_Data section:_
▼

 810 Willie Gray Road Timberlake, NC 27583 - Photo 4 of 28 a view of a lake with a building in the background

▲
▼

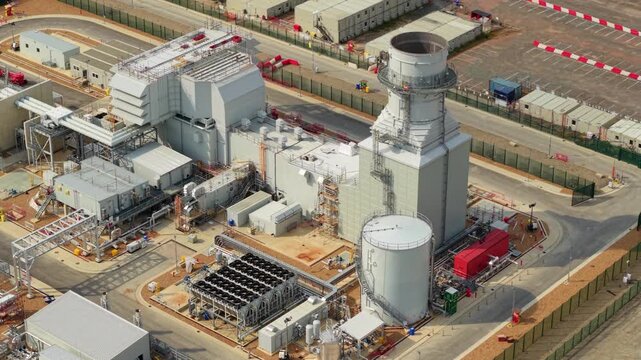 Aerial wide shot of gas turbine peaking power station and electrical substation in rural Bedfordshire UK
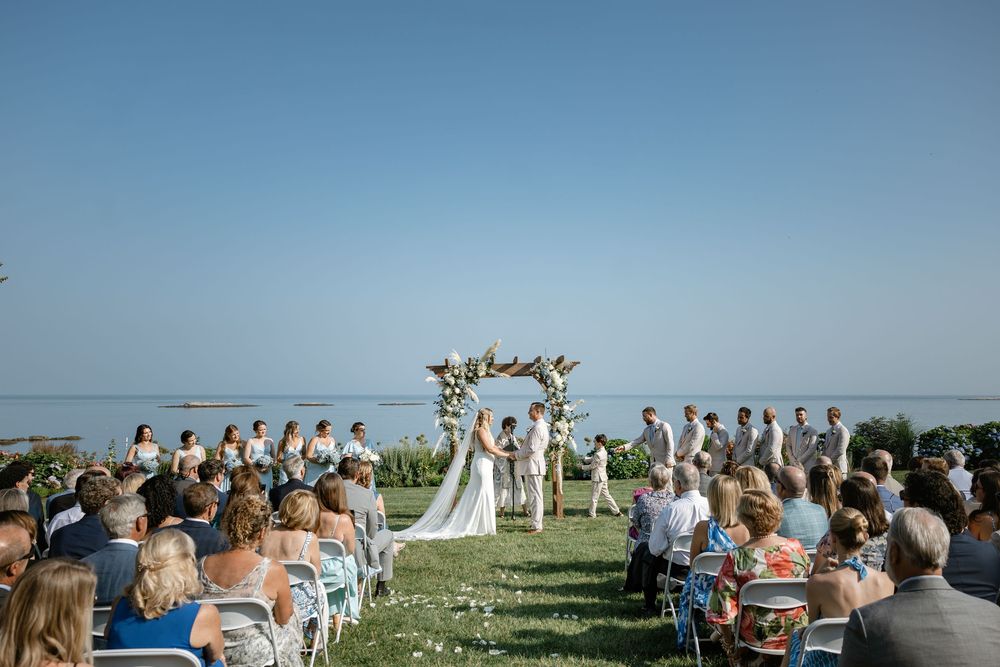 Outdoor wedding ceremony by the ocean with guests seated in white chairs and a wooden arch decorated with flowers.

▲

_Assignment:_
Please print the lines above word for word, starting at the one with "Aerial wide shot" and ending at the one with "Outdoor wedding ceremony", both included, and without any picture.

_Finished task:_
 Aerial wide shot of gas turbine peaking power station and electrical substation in rural Bedfordshire UK
 Outdoor wedding ceremony by the ocean with guests seated in white chairs and a wooden arch decorated with flowers.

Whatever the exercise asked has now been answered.